Bucky and Steve have battled together for a century, have been at each other’s sides fight after fight. Not even a thousand years of torture or Steve’s love of his new family prevented that in the other Captain America movies. And yet here, the full circle of Steve seeing Bucky vanish into dust never comes. They don’t find each other, they don’t look for each other, they don’t speak to each other. The movie tells us that narratively Doctor Strange and Tony have more of a relationship than Bucky and Steve.

...

And in ten seconds, Endgame relegates her to “Steve’s wife,” showing her as an object of his affections, merely there to fulfill some strange, domestic fantasy which neither one of them has ever expressed an interest in living out. Peggy has no lines in Endgame, she is there to be peered at and held by Steve. She is not a real character. She has not even had any meaningful character evolution with Steve. She is a woman he kissed once, and now she is his wife. And that’s all she is allowed to be.

...

Bucky is sad in the last scene of Endgame, which is a confusing choice if the audience is meant to believe that what Steve is doing is just dandy. He seems reluctant, tired, and upset in the ten seconds of interaction they have, he tells Steve he will miss him, he barely makes eye contact. And Steve. Steve doesn’t really seem to care. He doesn’t seem to understand that he’s dooming his best friend to what his own worst nightmare was, being alone in the present without anyone who could understand what that is like. This desire to have shared experience is one of the main reasons Steve is so desperate to get Bucky back in his movies, and all at once, he can’t remember that at all. Perhaps viewers are meant to believe Bucky is no longer alone, and yet, Wakanda aside, where potentially he is friends with Shuri, Steve aside, Bucky has spent no meaningful time, no time at all, with the rest of the remaining team, none that we’ve seen and none even that the storyline set up allows for.

...

Why was even a second of closure too much for Endgame to hand over?
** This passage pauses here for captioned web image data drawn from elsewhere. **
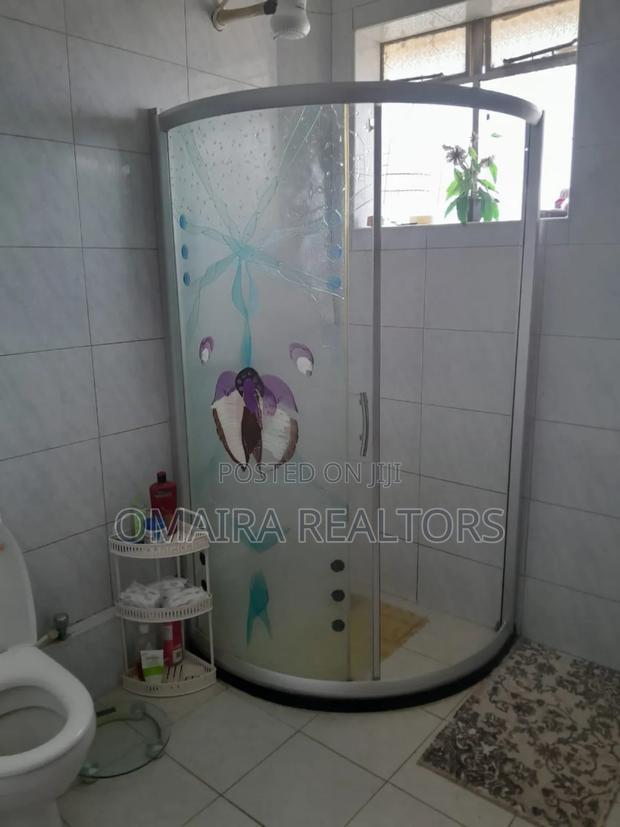 5bdrm House in Naka for rent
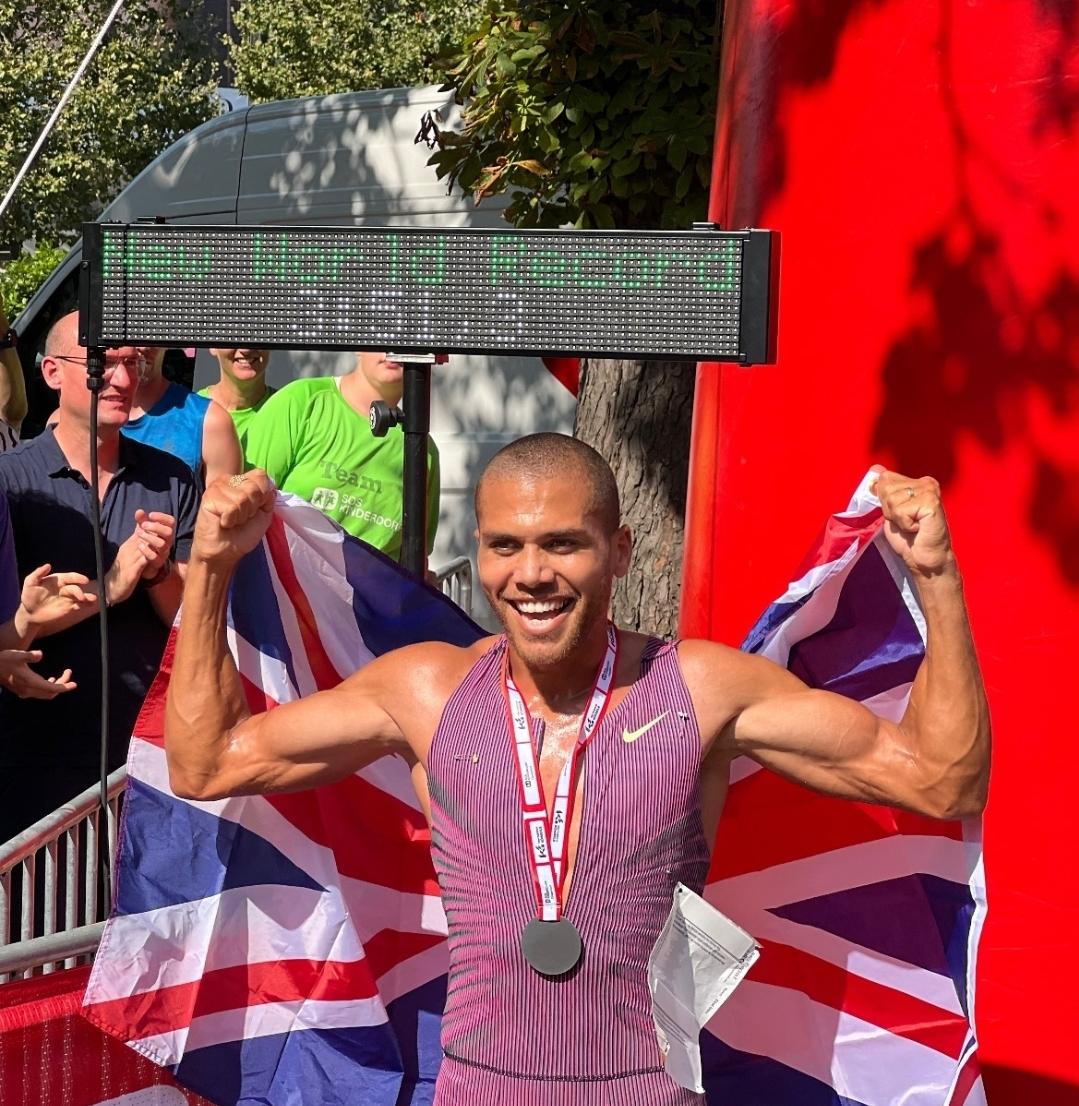 【紀錄】英國選手 Elliot Giles 跑出 3:51.3 創公路一英里世界紀錄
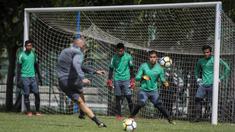 Kiper Timnas Indonesia, Andritany Ardhiyasa, berusaha menangkap bola saat latihan di Lapangan ABC Senayan, Senin (19/2/2018). Latihan ini merupakan persiapan jelang Asian Games 2018. (Bola.com/Vitalis Yogi Trisna)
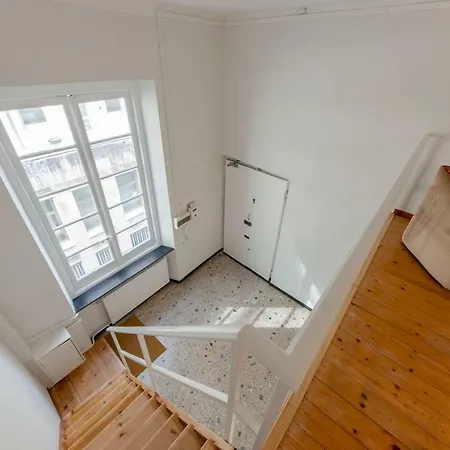 Joivy Elegant Flat For 7, In The Heart Of Appartamento Genova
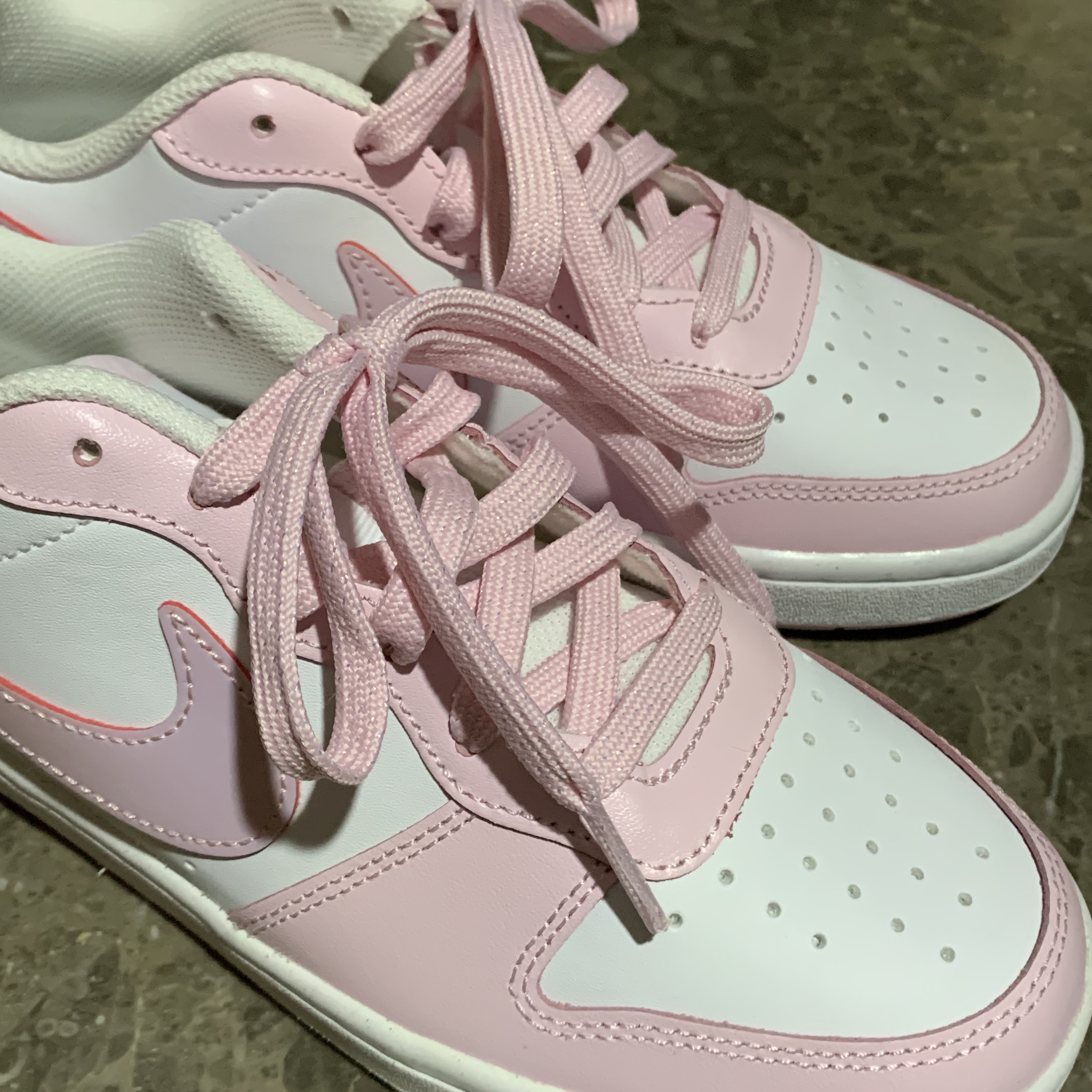 (GS) Nike Court Borough 2 SE White Pink Foam 착용 스타일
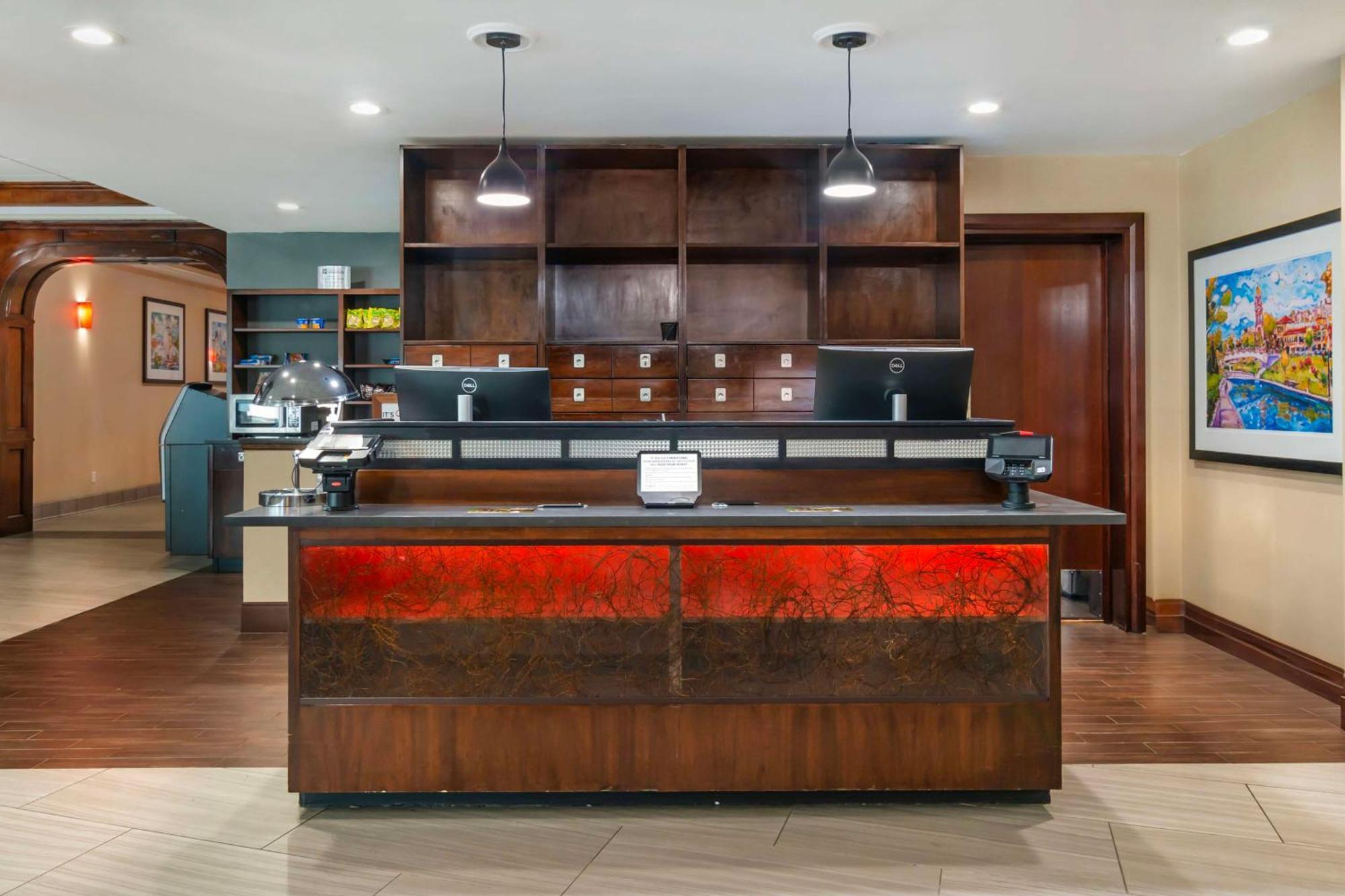 Best Western Plus Kansas City Sports Complex Hotel Exterior photo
The answer lies in Marvel’s inability to process the way the relationship between Steve and Bucky has played out, even as they themselves created it. Bucky’s pain is alien to them. His vulnerability, his arguably feminine role as the damsel, always in distress, as the weapon, an object to be used not heard, as a man whose trauma is so ingrained into his character that it can’t be turned into stoic snark, like Tony’s is, or humor, like Thor’s, and instead sits bright on the surface, are all beyond the scope of understanding. And the notion that it is not a woman who takes him into her arms and heals him, but Steve, drives it to unshowable.

As others have written, there is such a deep intimacy between Steve and Bucky, such a powerful love and an intensity of loss, that if they are together, they must express it, and that expression is taboo. For the fans to like it, is taboo. And the only way to deal with it is to separate them.